### Dataset
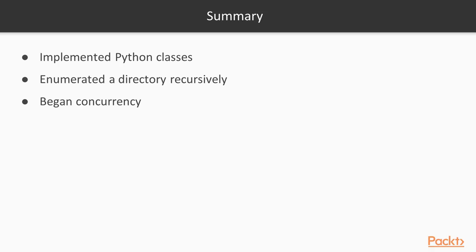So taking a look at the reading that I gave earlier, and the application that we built, I hope you found that interesting and the practical use case of looking through file structures recursively. We learned how to implement different Python classes within the same Python file structure, enumerating these directories recursively, and beginning concurrency with threads and queues.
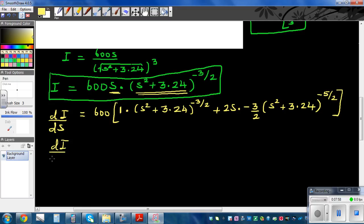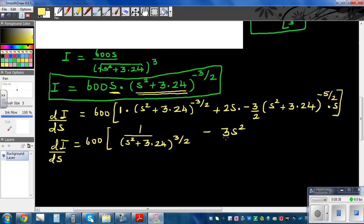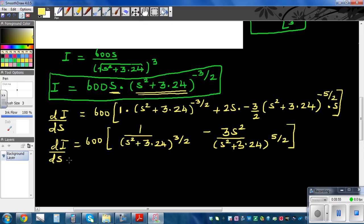So di/ds equals 600 times: the first term is 1/(s² + 3.24)^(3/2), and the 2s and the 2 in the denominator cancel, giving the second term as −3s² / (s² + 3.24)^(5/2). So di/ds = 600 × [1/(s² + 3.24)^(3/2) − 3s²/(s² + 3.24)^(5/2)].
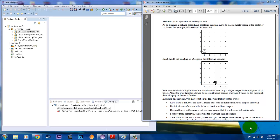Hello, this is Kai. Welcome to another video of CS106A Assignment Solutions. Today we'll be talking about assignment number one, problem four. This is Midpoint Finding Karel.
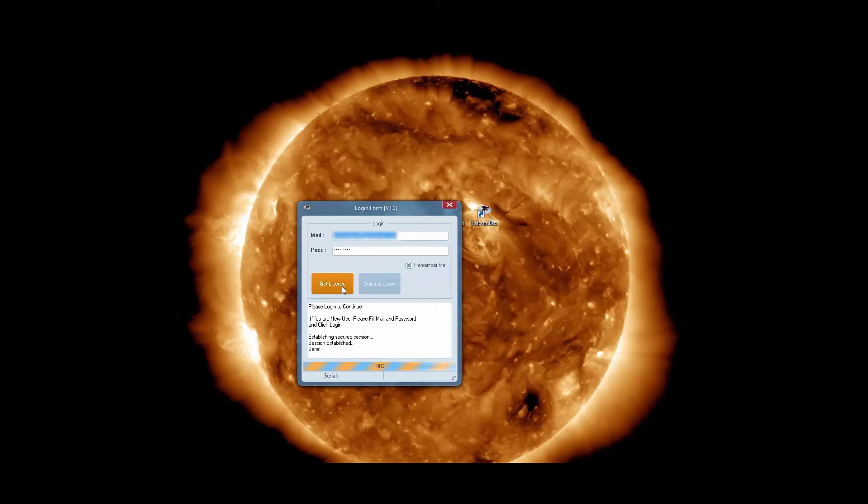Personal information was automatically filled. Enter the password. Press the get license button.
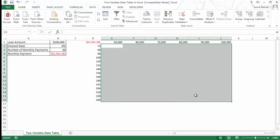So this is how you can use a data table in Excel. I hope you found this video useful. Thank you and have a nice day.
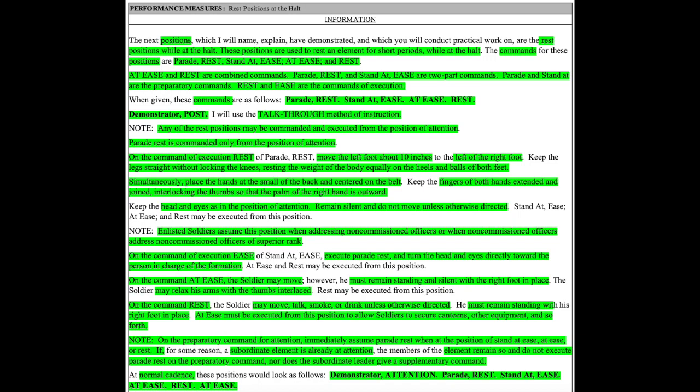Parade and stand at are the preparatory commands. Rest and ease are the commands of execution. When given, these commands are as follows.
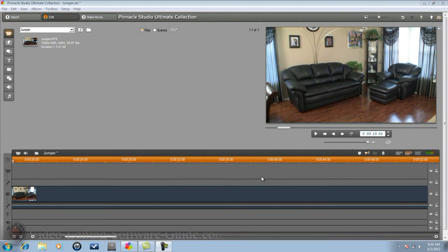Hey guys, how y'all doing out there? Time for another tutorial from videoediting softwareguide.com. Today we're doing a tutorial on the jumper effect in Pinnacle Studio Ultimate Collection. Let's get into it.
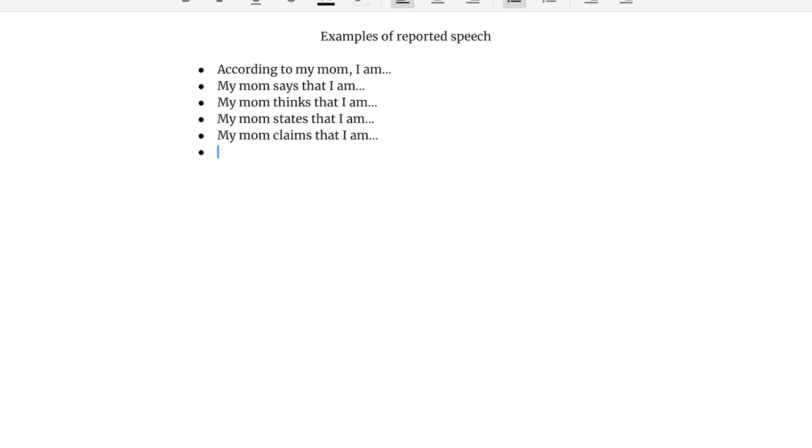Again, we're keeping everything in the present tense, but try to use reported speech. Here are a few examples that you can include.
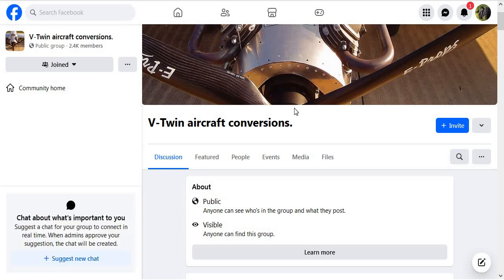So I got kicked out of the Predator 670 Facebook group. Why did I get kicked out? Because of what I placed up there? No, because they have terrible administrators that have no clue about reading the content of stuff and figuring out who they should actually kick out. So let me give you a great example of this.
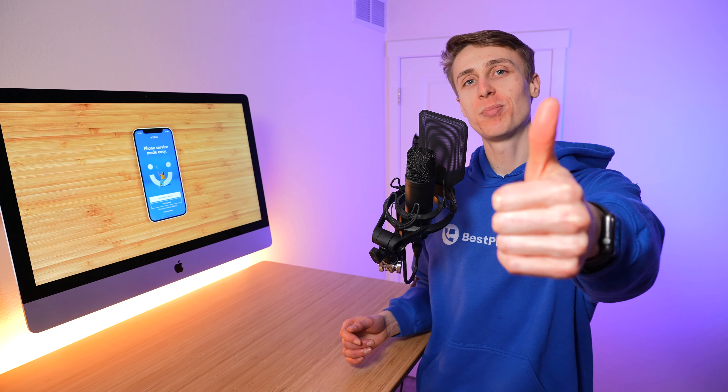Either way, that's it for this video. Click the like button if you found this video helpful. Share this video with one friend so they can test out Visible on eSIM. I'm Stetson — thank you so much for watching, and I'll see you next time.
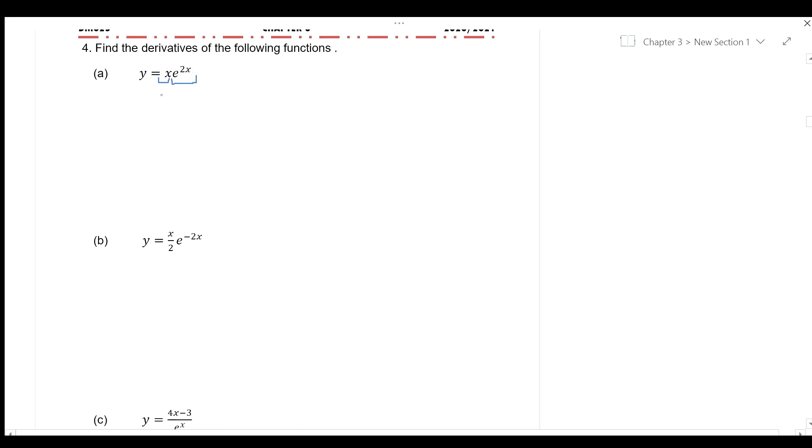notice that your function y is in the form of product. So, we will use product rule to differentiate these functions. So,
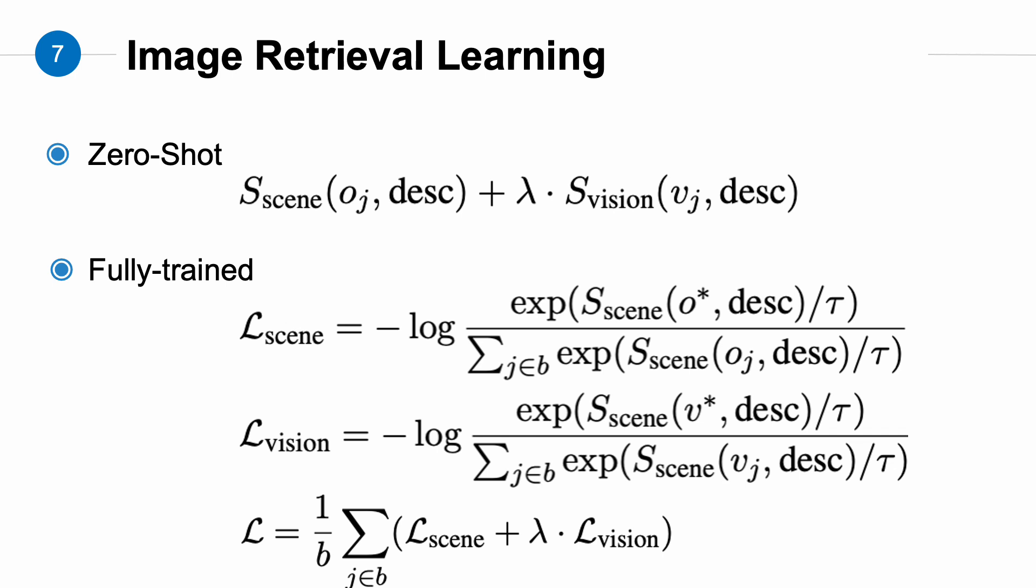After obtaining the scene-aligned score and vision-aligned score, we use them for image retrieval learning. We define two scenarios: zero-shot and fully-trained. In the zero-shot scenario, we use a hyperparameter called lambda to combine the two scores into a final retrieval score. A higher retrieval score indicates that the photo is more aligned with the dialogue context. In a fully-trained scenario, if we can collect pairs of dialogue context and images, we can fine-tune our VLM using this data. Specifically, we calculate the contrastive loss for both the scene-aligned and vision-aligned scores separately. These losses are then combined with lambda to form the final loss used for fine-tuning the VLM.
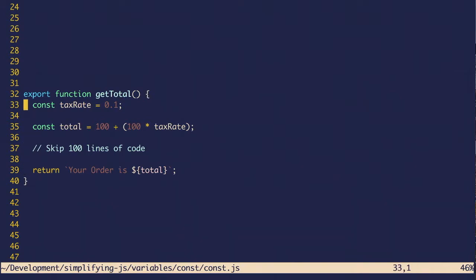Imagine you have the same function and you declare tax rate and then you declare total. If a bunch of things happen, you can still be sure that when you get to the bottom, total is the same value that you originally declared.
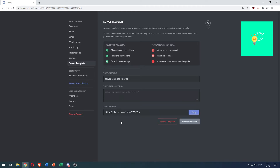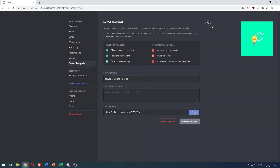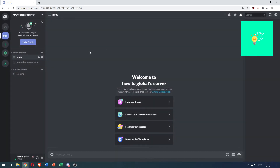There you go. You can now copy this template link or preview the template. Click create, exit this, and there you go — you have successfully created the exact same server again and copied a Discord server in 2021. If this video helped you out, leave a like, comment, and subscribe. Bye bye.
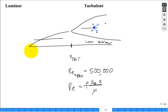You can see that the wall shear stress and skin friction coefficient show a little kick upward right after the flow trips from laminar to turbulent.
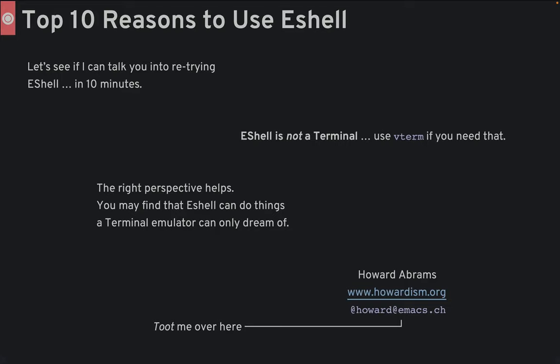Hi, I'm Howard Abrams. I have 10 minutes to talk you into giving eshell a second chance. I have the right perspective and expectation, and I think you'll really enjoy it.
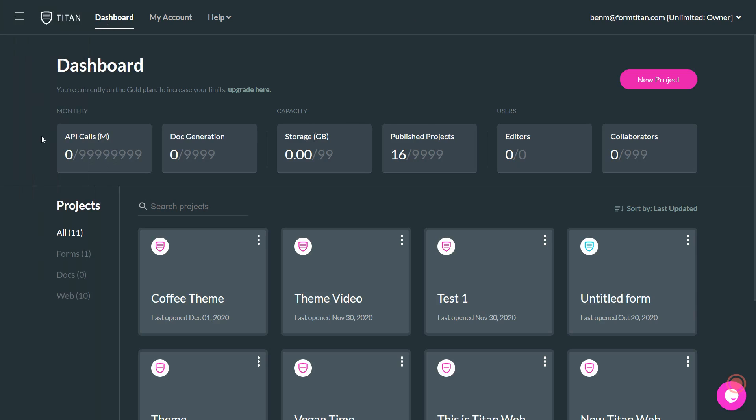So then let's go over here to the dashboard and see some of our statistics. First, we have the monthly statistics, which are very important to keep track of. We have our API calls. It shows you how many API calls you have for that month based on the limit that you are given based on your license, and also doc generation. So you get to see how many documents you've generated based on your monthly limits.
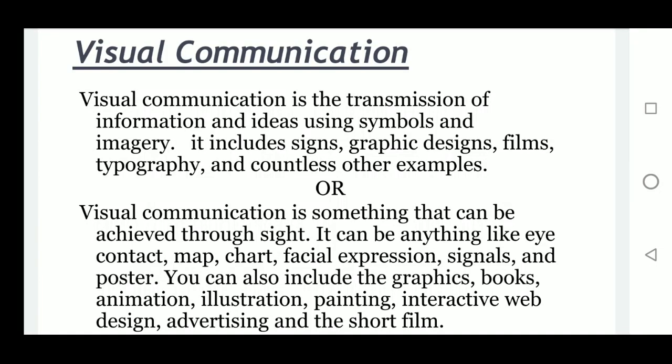Hello students, today we are going to complete the second part, the remaining part of the chapter. We start from visual communication. Visual communication is the transmission of information and ideas using symbols and imagery.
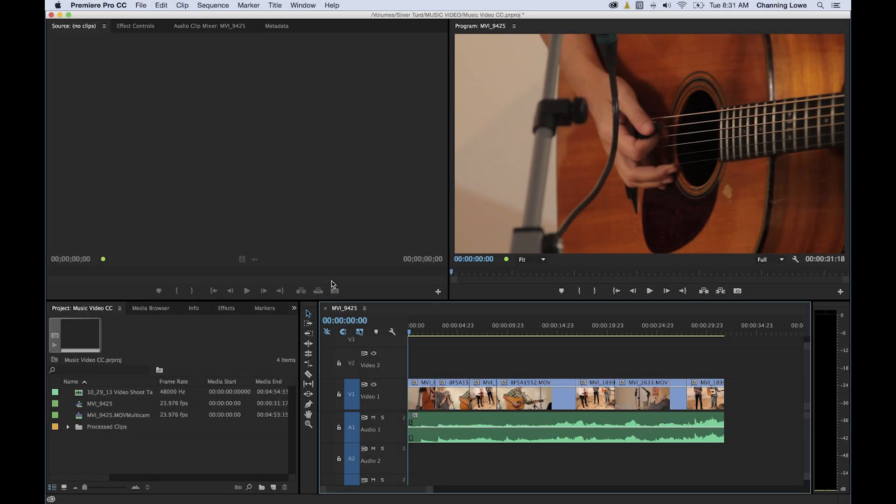Okay everybody, in this episode I'm going to be covering the lift and extract functions in Premiere.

### Assigned task
Start with the line with "So this is how" in the listing above and stop after the line with "So I got kicked". Write out exactly the lines in that stretch and no others, without pictures.

### Written answer
So this is how you can use a data table in Excel. I hope you found this video useful. Thank you and have a nice day.
Parade and stand at are the preparatory commands. Rest and ease are the commands of execution. When given, these commands are as follows.
Hey guys, how y'all doing out there? Time for another tutorial from videoediting softwareguide.com. Today we're doing a tutorial on the jumper effect in Pinnacle Studio Ultimate Collection. Let's get into it.
Again, we're keeping everything in the present tense, but try to use reported speech. Here are a few examples that you can include.
So I got kicked out of the Predator 670 Facebook group. Why did I get kicked out? Because of what I placed up there? No, because they have terrible administrators that have no clue about reading the content of stuff and figuring out who they should actually kick out. So let me give you a great example of this.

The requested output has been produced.